- Born: John Henderson Ingram 3 September 1924 Nelson, New Zealand
- Died: 1 April 2015 (aged 90) Auckland, New Zealand
- Education: Nelson College
- Alma mater: Canterbury University College
- Occupations: Engineer; businessman;
- Spouse: Rosemary Clara Cuningham ​ ​(m. 1952)​
- Children: 3

= John Ingram (engineer) =

New Zealand engineer and businessman (1924–2015)

Sir John Henderson Ingram (3 September 1924 – 1 April 2015) was a New Zealand engineer and businessman. He was managing director of New Zealand Steel from 1969 to 1987, and later served as a member of the Waitangi Tribunal.

==Early life and family==
Ingram was born in Nelson on 3 September 1924, and was educated at Nelson College from 1935 to 1942. In November 1942, he was called up for service with the armed forces, and he served as flight mechanic in the Royal New Zealand Air Force, attaining the rank of leading aircraftsman.

Following World War II, Ingram received a bursary to study at Canterbury University College, from where he graduated with a Bachelor of Engineering degree in mechanical engineering in 1950. In 1948, he won the New Zealand university heavyweight boxing title, and the following year he was awarded a boxing blue by Canterbury University College.

In 1952, Ingram married Rosemary Clara Cuningham, who had also attended Canterbury University College and graduated with a Bachelor of Arts degree in 1949. The couple would go on to have three children.

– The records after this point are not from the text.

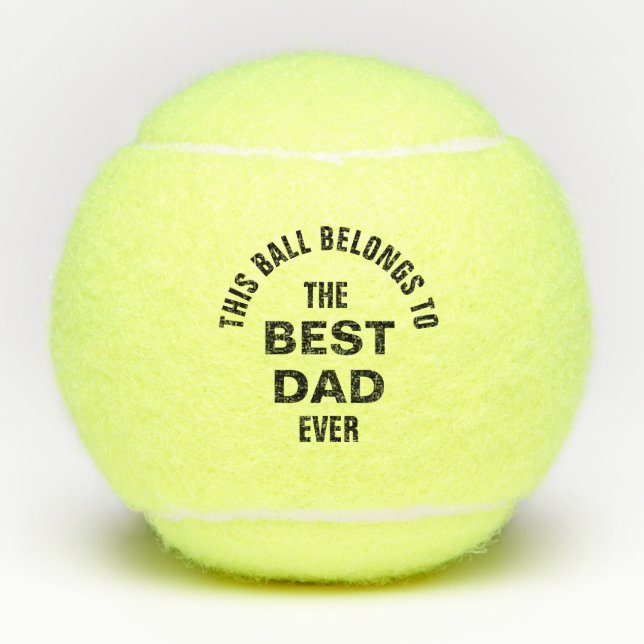 Balles De Tennis Meilleur papa jamais (Devant)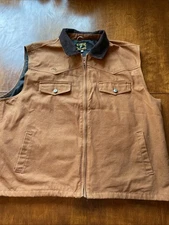 Wyoming Traders Cody Concealed Carry Vest Mens Size 3XL Color Brown full zip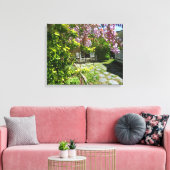 藤とロッキングチェア – Martha's Vineヤード キャンバスプリント (インサイチュ (リビング))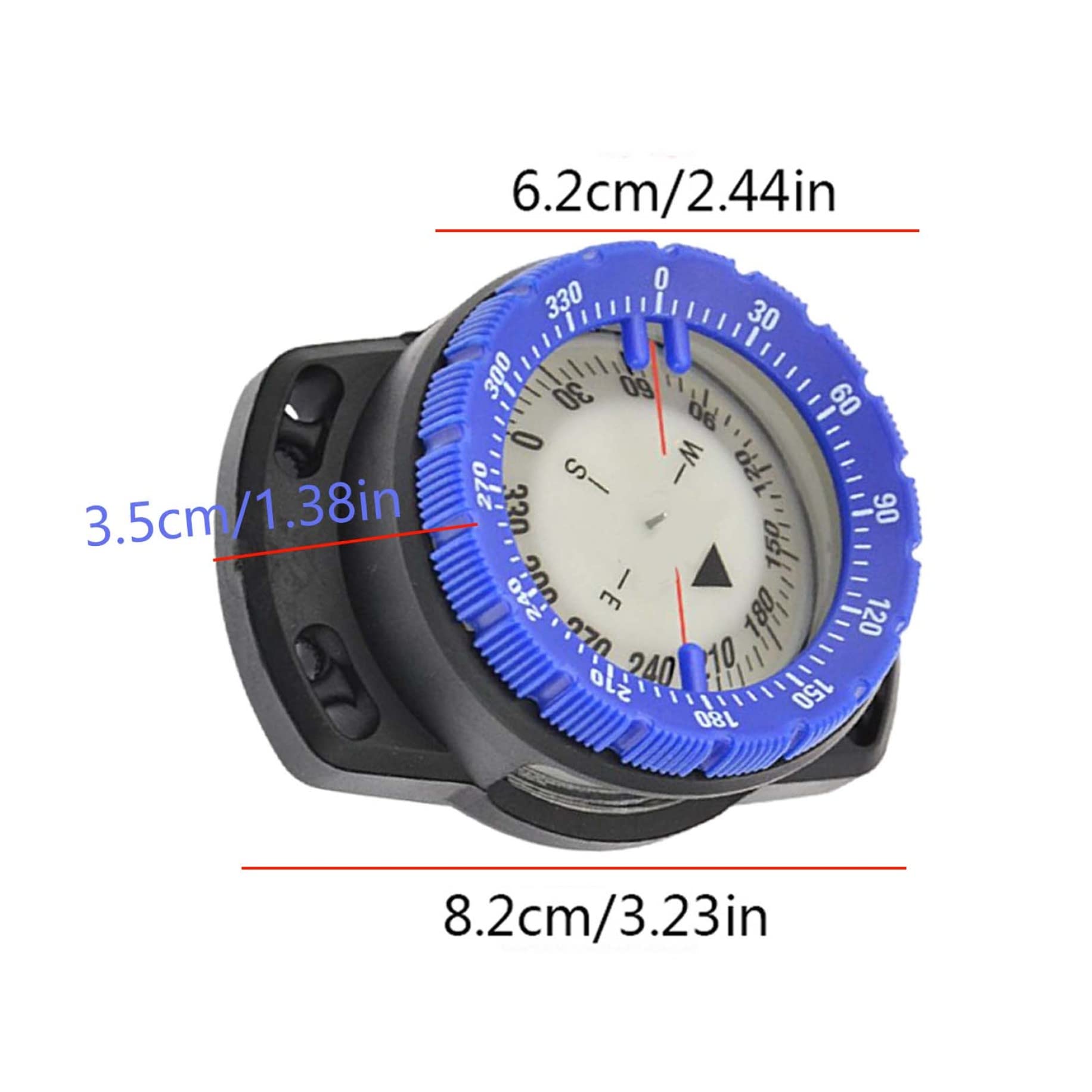 Montre Outdoor Survie – Vision Nocturne, Boussole, 50M étanche – NEUVE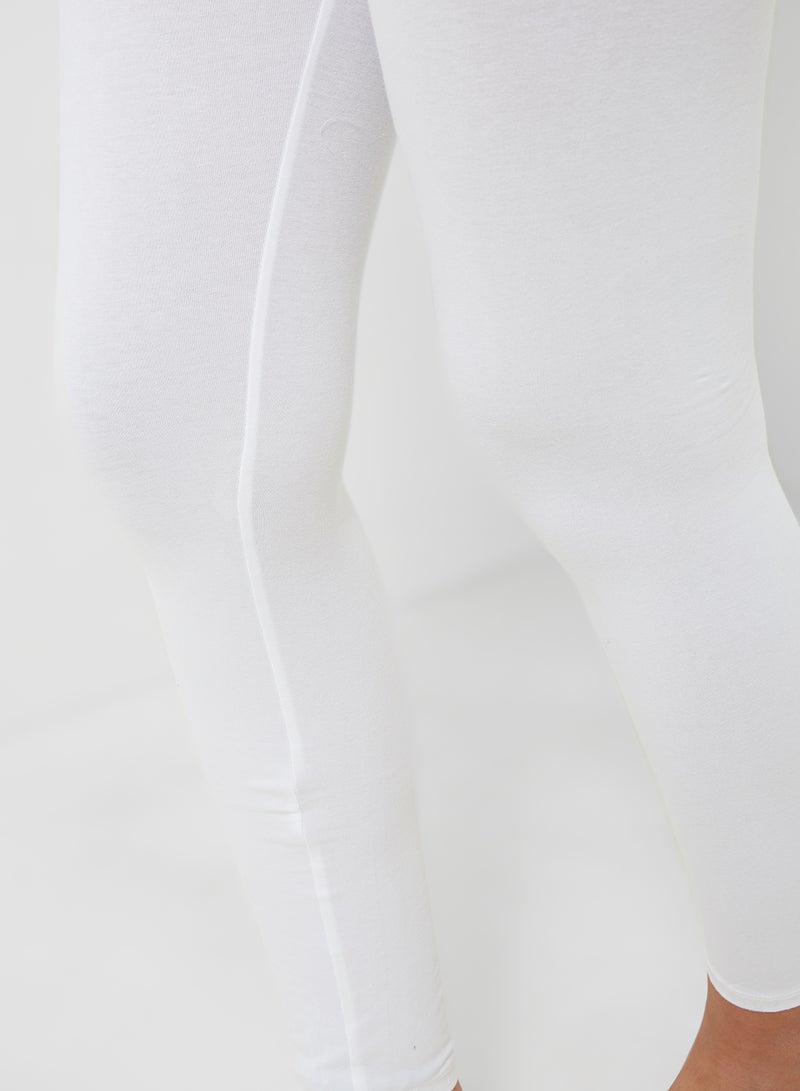 DICE - Basic Leggings White - Image 1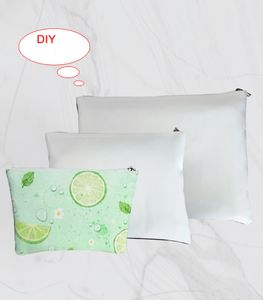 10 -stcs cosmetische zakken sublimatie blanco canvas met enkele zijden afdrukkende thermische overdracht afdrukken make -up bag3size afdrukken
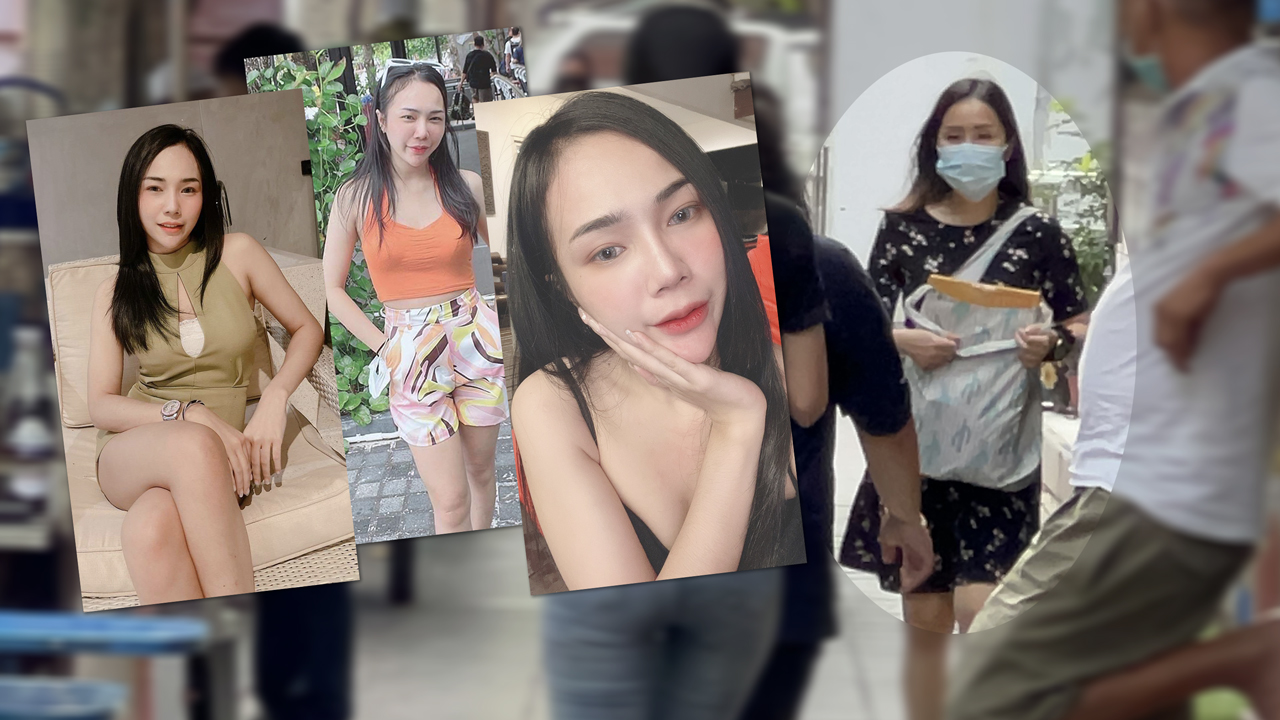 Compilation image with Sexy Asian Pics of a street girl and Thai girl Fern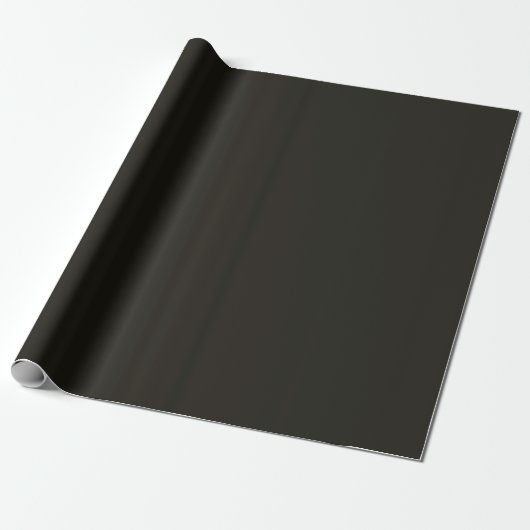 Zwarte Chocolade Effen Kleur Cadeaupapier (Uitgerold)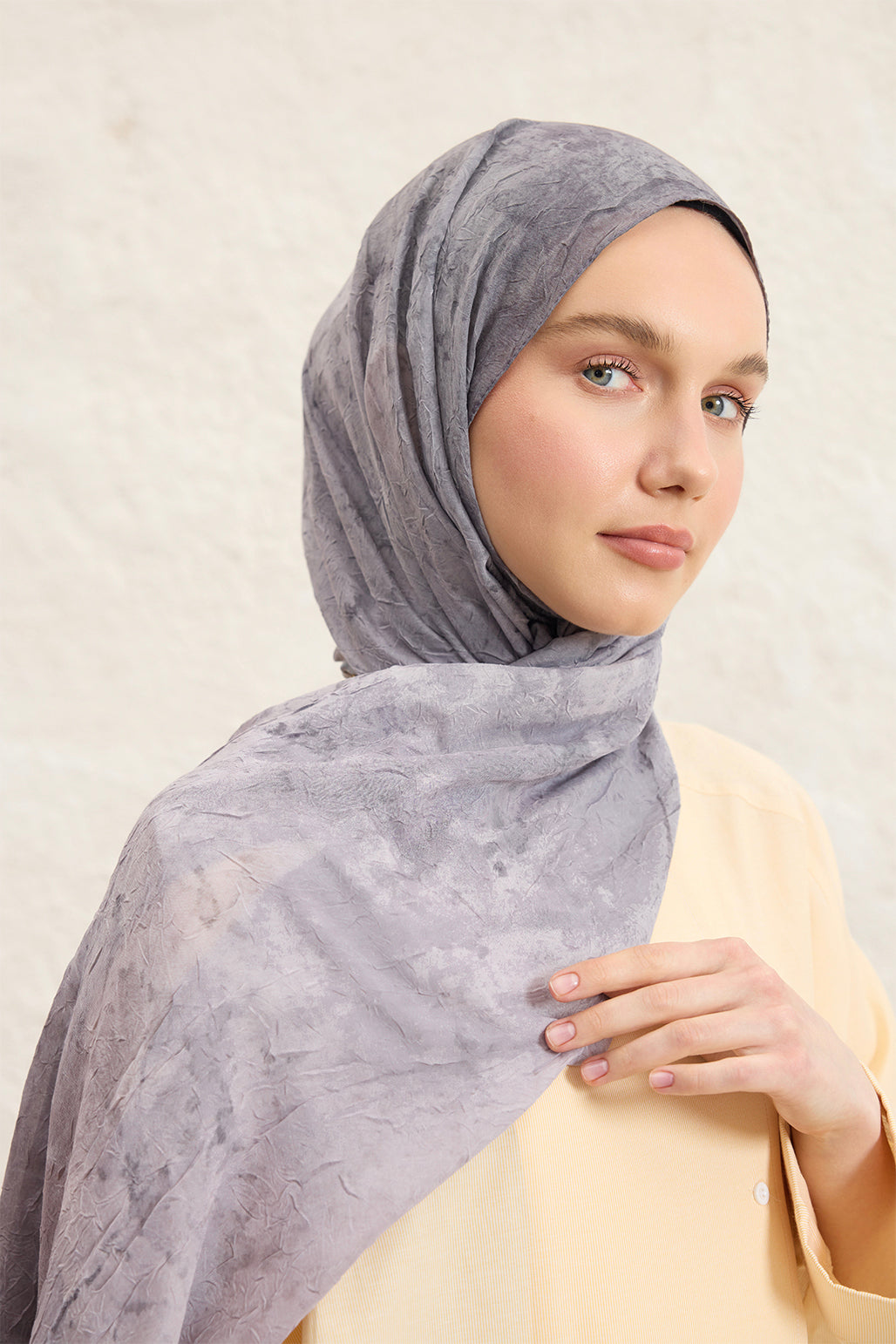 Vela Desenli Pamuk Şal Gül Kurusu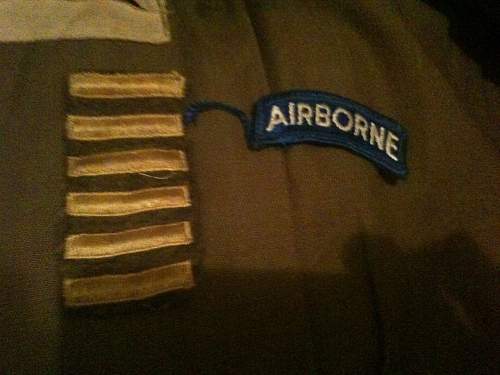 Ike Jacket, Airborne?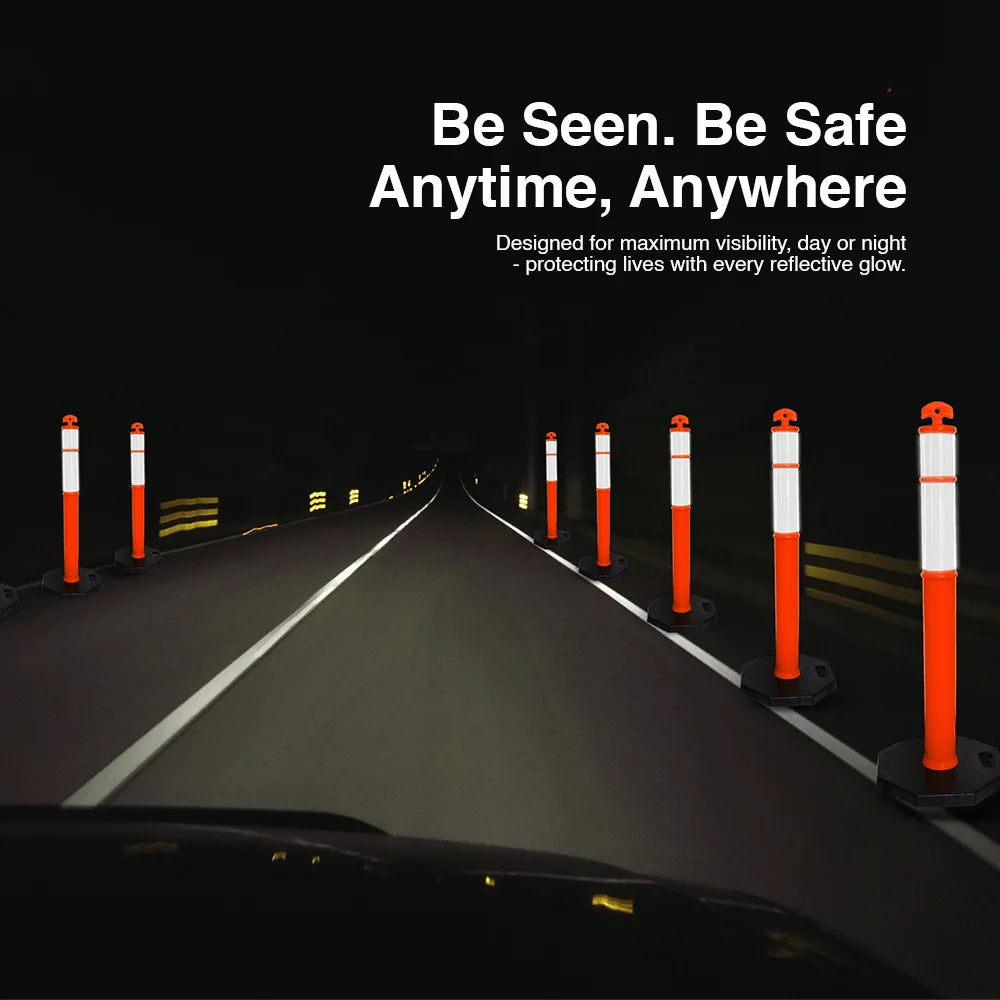 High Visibility Reflective Delineators Post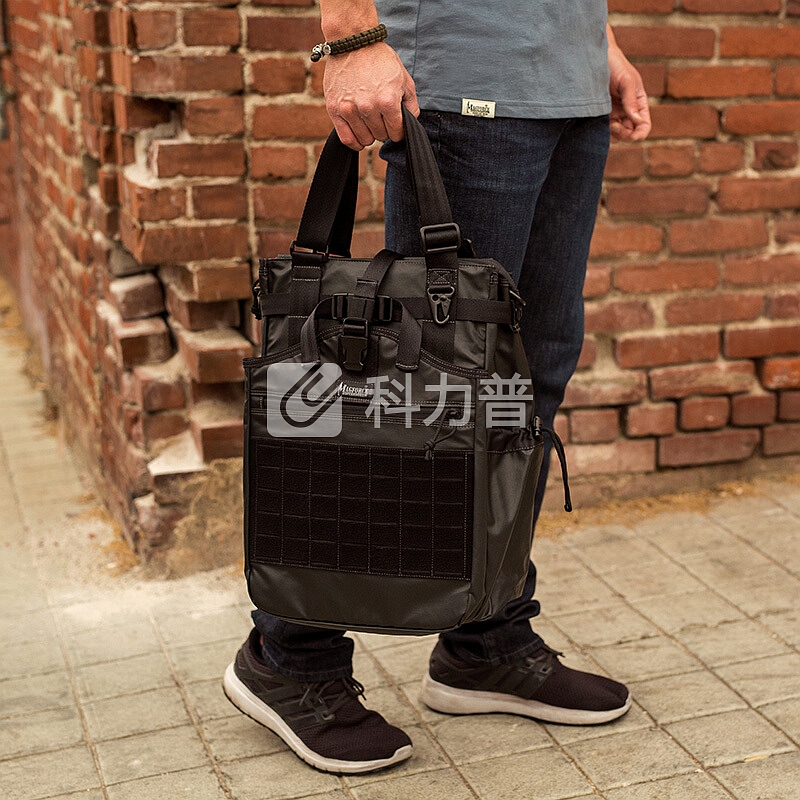 麦格霍斯 MAGFORCE 麦格霍斯MAGFORCE台马直式托特包 休闲运动手单肩包 男户外手提包A0461B02注胶黑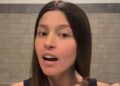 Natalia Paragoni si taglia i capelli prima della chemioterapia Natalia Paragoni si taglia i capelli prima della chemioterapia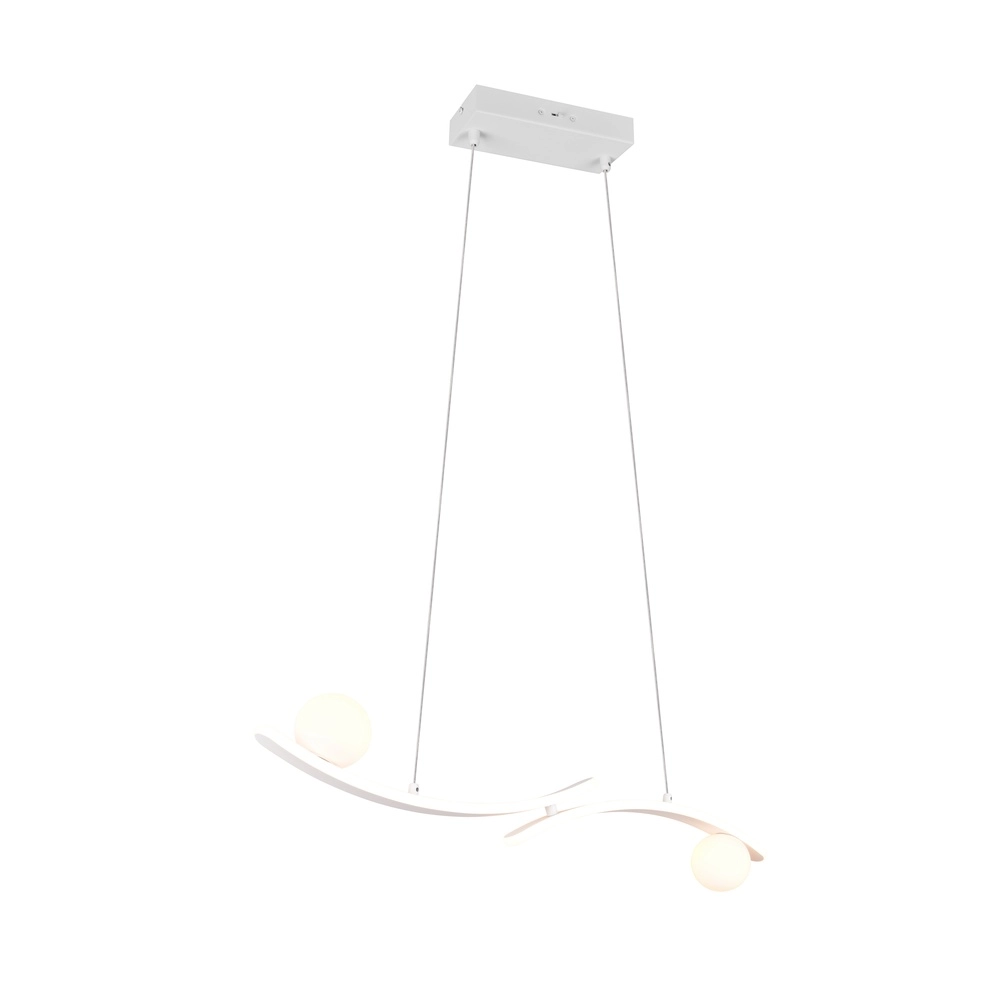 Design pendant lamp Napoli white Trio 4017807683509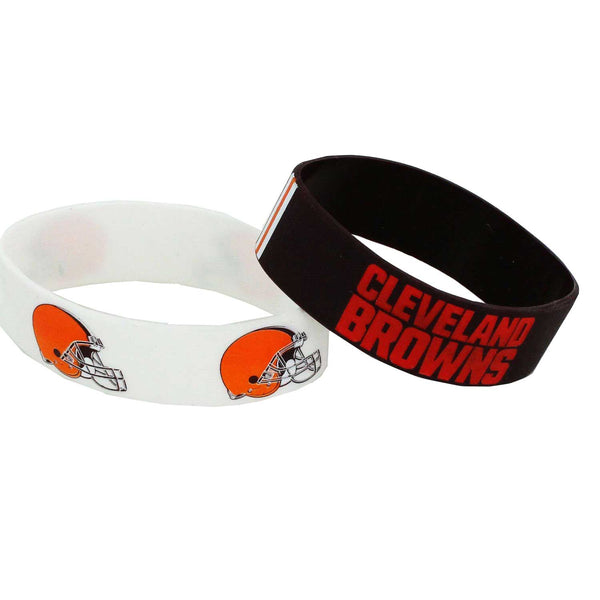 BROWNS WIDE BRACELETS (2-PACK)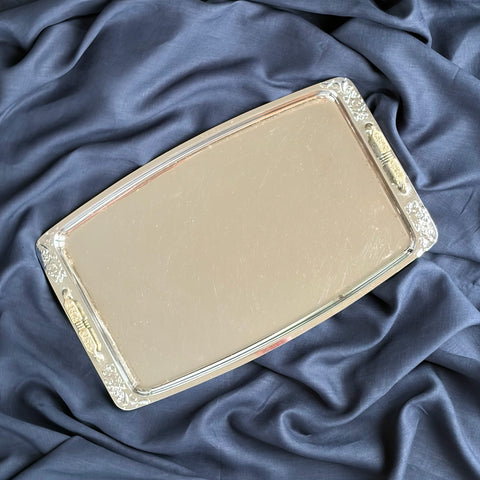Maren Rectangular Silver Tray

==Engineering and business career==
After graduating, Ingram began his engineering career with the Ministry of Works as a project mechanical engineer on the Roxburgh hydro scheme from 1950 to 1952. In 1952, Ingram and his family moved to Melbourne, Australia, where he worked for engineers Boving and Company, and rose to become managing director in 1954. He returned to New Zealand in 1962 to take up the role of chief engineer at Cable Price Corporation, and three months later he became to company's managing director.

Ingram remained at Cable Price until 1969, when he was appointed general manager and, not long after, managing director of the newly operational New Zealand Steel, remaining there until retiring in 1987.

From 1976 to 1977, Ingram served as president of the Institution of Professional Engineers New Zealand. He was active as a director of numerous companies including Pacific Steel, McDonald's Lime, Feltex and the National Bank of New Zealand, and chairman of Bridon New Zealand and Auckland Uniservices.

Ingram was as a member of the University of Auckland council for 18 years from 1979, including a period as pro-chancellor from 1982 to 1983.

==Later life and death==
Following his retirement, Ingram remained active in community organisations and public life. He was president of the Auckland Manufacturers' Association from 1989 to 1991, a trustee of World Wildlife Fund, the Antarctic Heritage Trust, and the MOTAT Trust, and a council member of the Auckland Institute and Museum. In 1993, he was appointed a member of the Waitangi Tribunal, serving until 1998. He also served as a member of the Auckland Area Health Board.

Ingram died in Auckland on 1 April 2015, aged 90. His wife, Rosemary, Lady Ingram, died in Auckland less than a year later, on 29 February 2016.

==Honours and awards==
In the 1984 New Year Honours, Ingram was appointed a Commander of the Order of the British Empire, for services to manufacturing and the engineering profession. In 1990, he was awarded the New Zealand 1990 Commemoration Medal, and in the 1994 New Year Honours he was appointed a Knight Bachelor, for services to engineering and business management.

Ingram was elected a Distinguished Fellow of the Institution of Professional Engineers New Zealand in 1997. He was also a Distinguished Fellow of the Institute of Directors in New Zealand, a Fellow of the Institution of Mechanical Engineers and a Fellow of the Australasian Institute of Mining and Metallurgy.